---------- Data provided ----------
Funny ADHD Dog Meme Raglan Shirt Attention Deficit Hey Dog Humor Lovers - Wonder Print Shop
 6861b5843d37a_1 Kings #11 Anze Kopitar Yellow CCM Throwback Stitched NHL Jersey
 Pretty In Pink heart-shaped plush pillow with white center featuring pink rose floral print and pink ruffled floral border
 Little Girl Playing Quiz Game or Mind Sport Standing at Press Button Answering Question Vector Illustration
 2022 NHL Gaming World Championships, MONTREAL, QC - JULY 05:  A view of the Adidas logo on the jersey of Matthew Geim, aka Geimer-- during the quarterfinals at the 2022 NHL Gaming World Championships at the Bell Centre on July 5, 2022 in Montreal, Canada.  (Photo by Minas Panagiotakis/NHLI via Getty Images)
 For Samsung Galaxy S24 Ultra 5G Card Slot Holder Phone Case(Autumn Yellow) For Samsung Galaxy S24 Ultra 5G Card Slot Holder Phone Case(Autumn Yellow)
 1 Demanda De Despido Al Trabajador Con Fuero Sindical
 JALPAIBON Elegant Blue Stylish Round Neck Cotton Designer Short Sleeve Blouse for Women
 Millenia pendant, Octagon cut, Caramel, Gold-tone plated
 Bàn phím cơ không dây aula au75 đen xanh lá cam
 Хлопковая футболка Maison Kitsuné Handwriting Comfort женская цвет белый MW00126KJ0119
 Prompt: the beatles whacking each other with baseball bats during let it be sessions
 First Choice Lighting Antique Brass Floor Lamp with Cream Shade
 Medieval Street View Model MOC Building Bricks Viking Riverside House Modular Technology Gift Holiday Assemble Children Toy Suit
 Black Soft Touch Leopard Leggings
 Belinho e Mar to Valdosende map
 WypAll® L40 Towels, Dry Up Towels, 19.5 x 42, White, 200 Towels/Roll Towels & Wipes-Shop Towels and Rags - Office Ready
----------
▸ **Task goal**
From the line that has "2022 NHL Gaming World Championships, MONTREAL, QC" through the line that has "Medieval Street View", copy every line exactly as it appears above, and leave out all others.

▸ **Answer box**
 2022 NHL Gaming World Championships, MONTREAL, QC - JULY 05:  A view of the Adidas logo on the jersey of Matthew Geim, aka Geimer-- during the quarterfinals at the 2022 NHL Gaming World Championships at the Bell Centre on July 5, 2022 in Montreal, Canada.  (Photo by Minas Panagiotakis/NHLI via Getty Images)
 For Samsung Galaxy S24 Ultra 5G Card Slot Holder Phone Case(Autumn Yellow) For Samsung Galaxy S24 Ultra 5G Card Slot Holder Phone Case(Autumn Yellow)
 1 Demanda De Despido Al Trabajador Con Fuero Sindical
 JALPAIBON Elegant Blue Stylish Round Neck Cotton Designer Short Sleeve Blouse for Women
 Millenia pendant, Octagon cut, Caramel, Gold-tone plated
 Bàn phím cơ không dây aula au75 đen xanh lá cam
 Хлопковая футболка Maison Kitsuné Handwriting Comfort женская цвет белый MW00126KJ0119
 Prompt: the beatles whacking each other with baseball bats during let it be sessions
 First Choice Lighting Antique Brass Floor Lamp with Cream Shade
 Medieval Street View Model MOC Building Bricks Viking Riverside House Modular Technology Gift Holiday Assemble Children Toy Suit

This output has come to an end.